Color change especially around the borders.
These are dark-colored spots on the skin that are not moles. Unlike moles, freckles are rarely larger than the size of a pea, although sometimes they may seem to be large because they blend into one another. Sun exposure is a major cause of the appearance and darkening of freckles. Therefore, freckles are mostly seen in the areas most exposed to the sun such as the face, neck, and upper back. In many cases, it is seen that during winter months freckles may fade completely.
After middle age, a person may acquire other dark areas that are not moles. These appear as brown, wart-like growths generally on the face or trunk and look as if they have been stuck onto the skin. These may be harmless growths.
Multiple small gray-brown spots that may appear on wrists, backs of the hands, forearms, and face could be actinic lentigines. These are often also referred to as 'liver spots’, ‘age spots’ or ‘sunspots’ although they are not associated with liver or age in any way. They are not cancers.

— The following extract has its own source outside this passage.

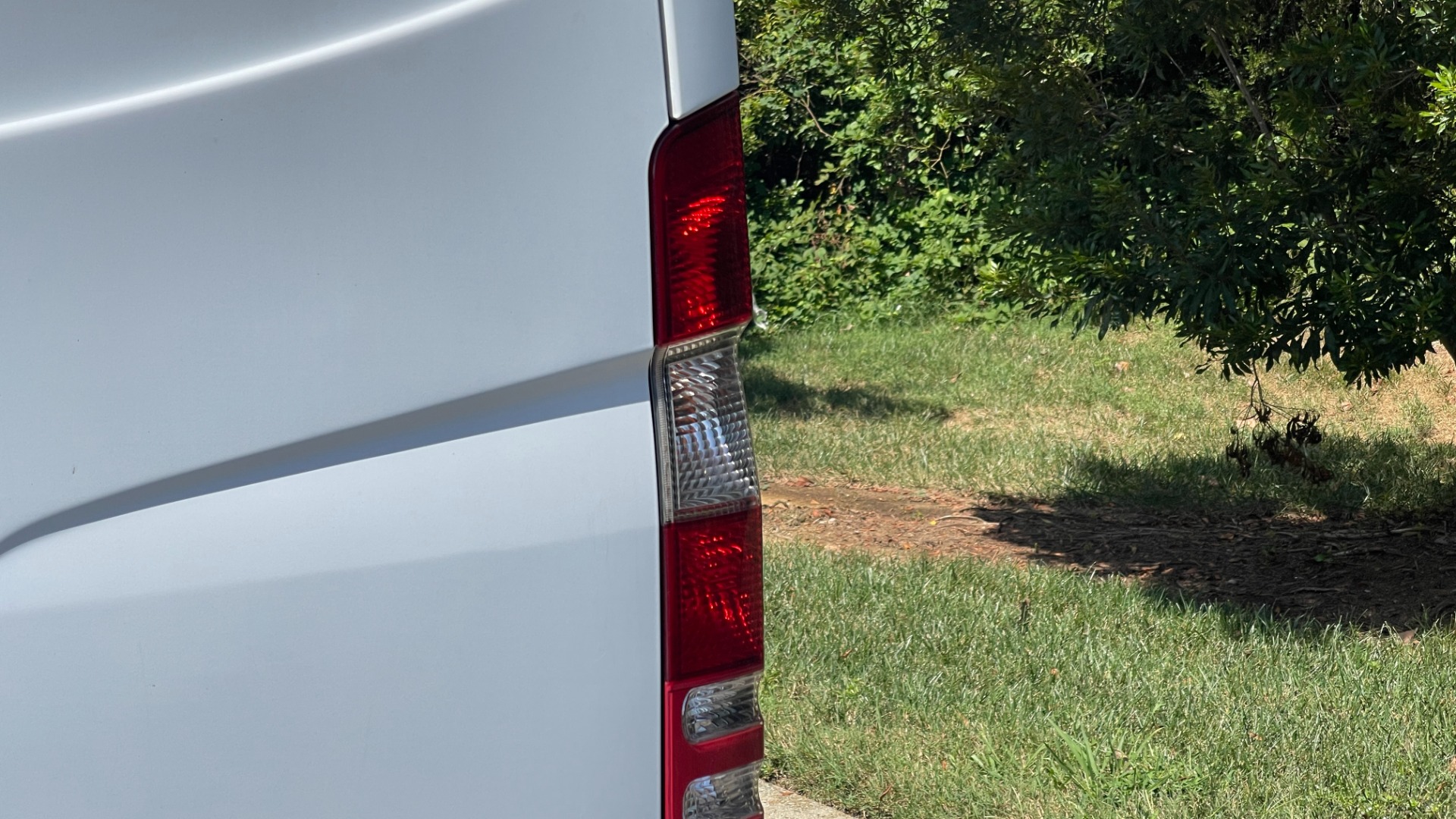 Used 2017 Mercedes-Benz SPRINTER CARGO VAN WORKER / DIESEL / AC / INSULATED / REAR AIR / BACKUP CAMERA / CLOTH SEATS / for sale $16,999 at Formula Imports in Charlotte NC 28227 26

The majority of moles and other blemishes are benign (not-cancerous). But certain moles act differently than other existing moles and that’s when medical intervention is needed. So, if any spot starts changing in terms of size, shape, color, or if it starts bleeding, itching, becoming painful or moles that appear when a person is past 20 yrs of age; they must immediately get in touch with a dermatologist.
If one notices a mole that does not follow the normal pattern, a dermatologist may be able to assure them that the mole is harmless, or confirm that it is cancerous. The dermatologist may remove the mole or part of it to study it under a microscope which is known as biopsy. If it is found that the mole is cancerous and only a part of it was removed for investigation then the doctor will suggest to remove the entire lesion and an extra margin as a safety measure.
If a person may wish to get rid of moles that are irritating them, or simply because they are unattractive. There are many methods that can be used to remove the mole such as numbing and shaving the mole off, or cutting out the entire lesion and stitching the area closed. These are quick procedures that can be performed in a dermatologist's office.
There are chances that a mole will recur after it is removed. So, if the mole starts to reappear after it has been removed, one must return to the dermatologist for investigation and treatment. Routine check up is advised yearly to monitor the moles. In case of a suspicious mole one must visit the dermatologist 6 monthly for a thorough check up.